──────── LISTED ENTRIES
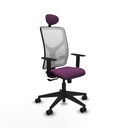 Motilla sincro malla blanca similpiel morado brazos 1D base piramidal cabecero fijo ruedas 65mm nailon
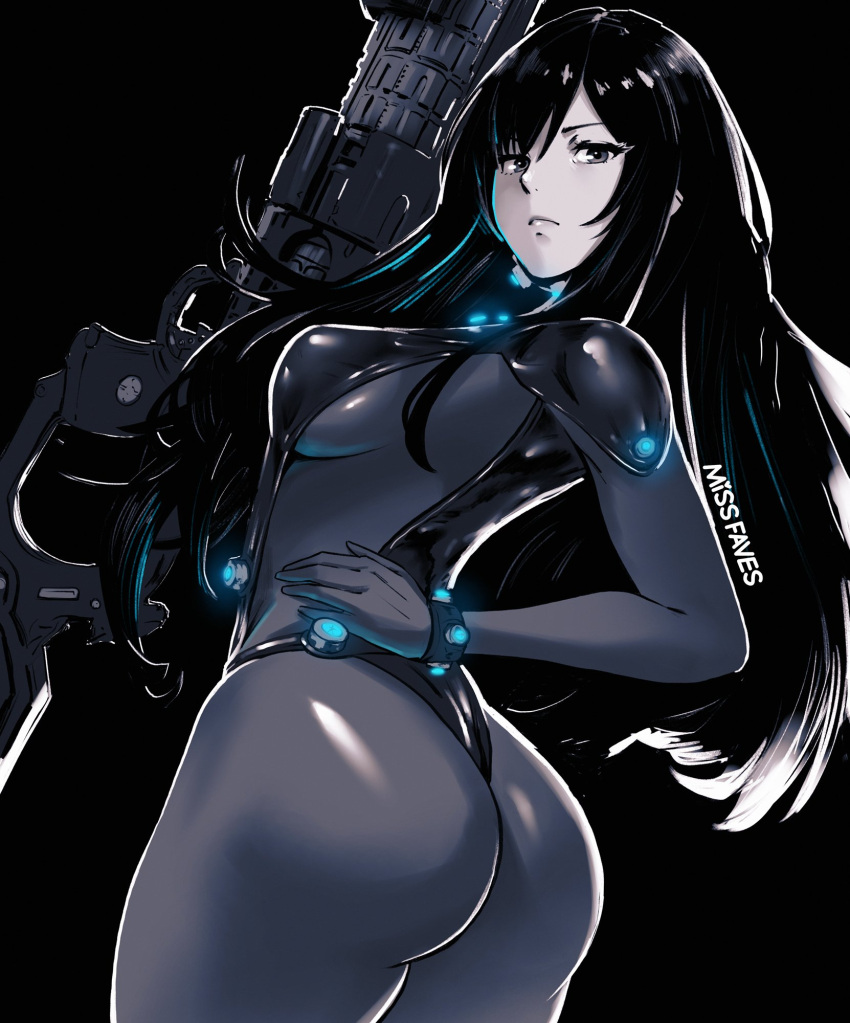 1girl artist_name ass black_background black_bodysuit black_hair bodysuit breasts closed_mouth commentary gantz gantz_suit grey_eyes hand_on_own_hip highleg highleg_leotard highres holding holding_weapon leotard lips long_hair long_sleeves looking_at_viewer looking_back medium_breasts miss_faves shimohira_reika shiny_clothes signature skin_tight weapon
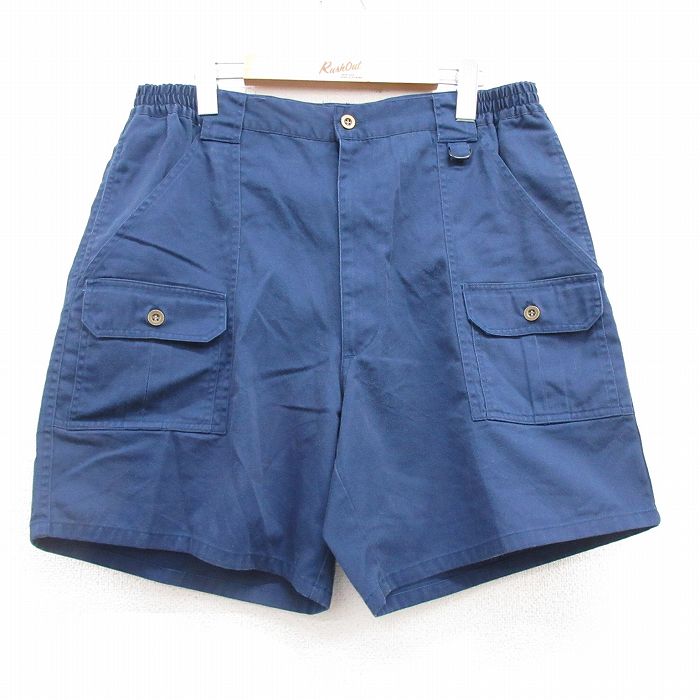 W34★古着 HABAND ショート ブッシュ パンツ ショーツ メンズ 00年代 00s 紺 ネイビー 25jul09 中古 ボトムス 短パン ショーパン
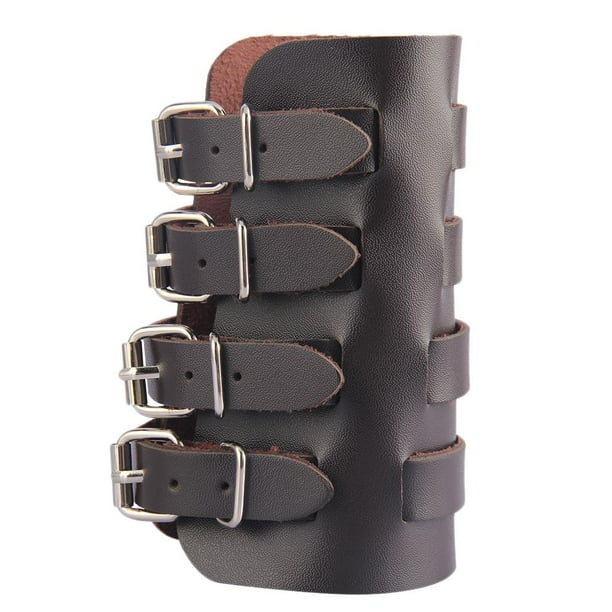 Brazalete ancho Zulema de Cuero Metal Liso marrón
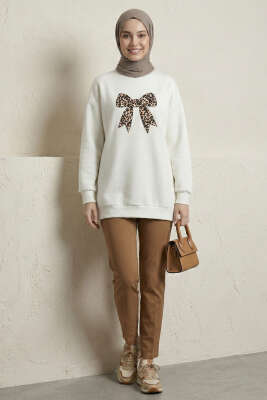 Kurdele Baskılı Tunik Ekru - Tunik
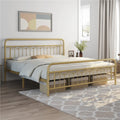 Queen Matte Black Metal Platform Bed Frame with Headboard and Footboard Z42818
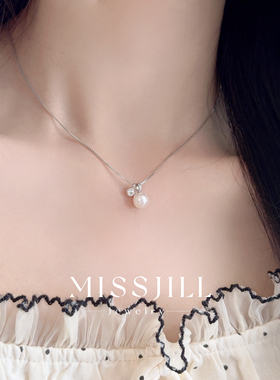 MISSJILL 珍珠与心｜高级气质百搭简约通体S925纯银天然珍珠项链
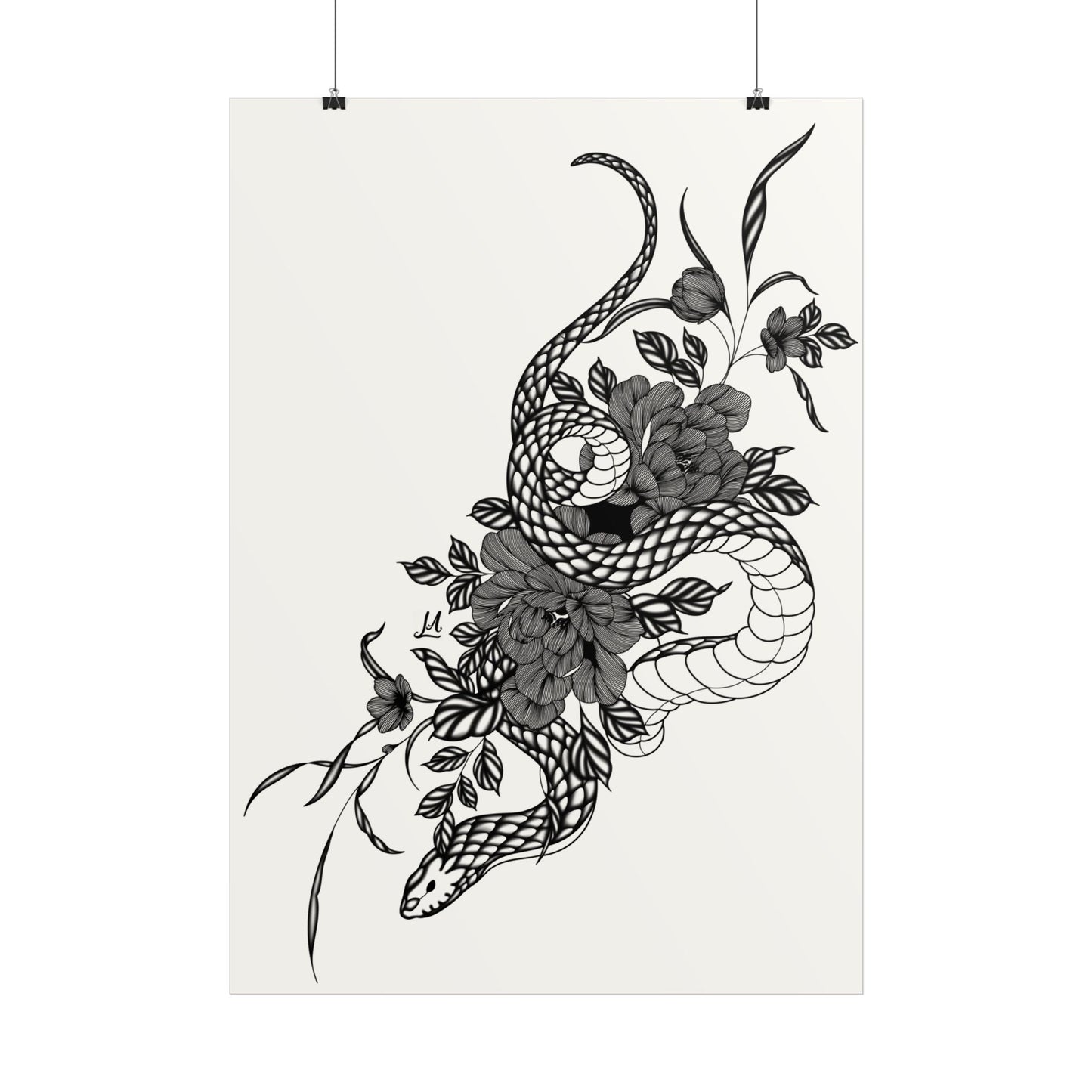 Botanical Serpent Wall Art, in black and white contrast shading.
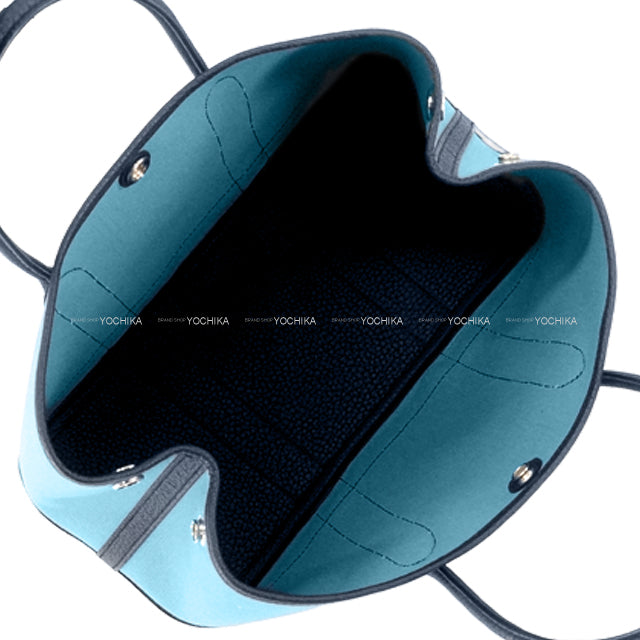 HERMES tote bag Garden Party 30 TPM Bleu Jean/Blue Indigo Toile Militaire/Veau Negonda Silver HW Stamp B[ALMOST NEW][Authentic]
────────────────
Copy exactly the lines from the one containing "Queen Matte Black" through the final line of the records above, both included, and leave out any pictures.

 Queen Matte Black Metal Platform Bed Frame with Headboard and Footboard Z42818
 MISSJILL 珍珠与心｜高级气质百搭简约通体S925纯银天然珍珠项链
 Botanical Serpent Wall Art, in black and white contrast shading.
 HERMES tote bag Garden Party 30 TPM Bleu Jean/Blue Indigo Toile Militaire/Veau Negonda Silver HW Stamp B[ALMOST NEW][Authentic]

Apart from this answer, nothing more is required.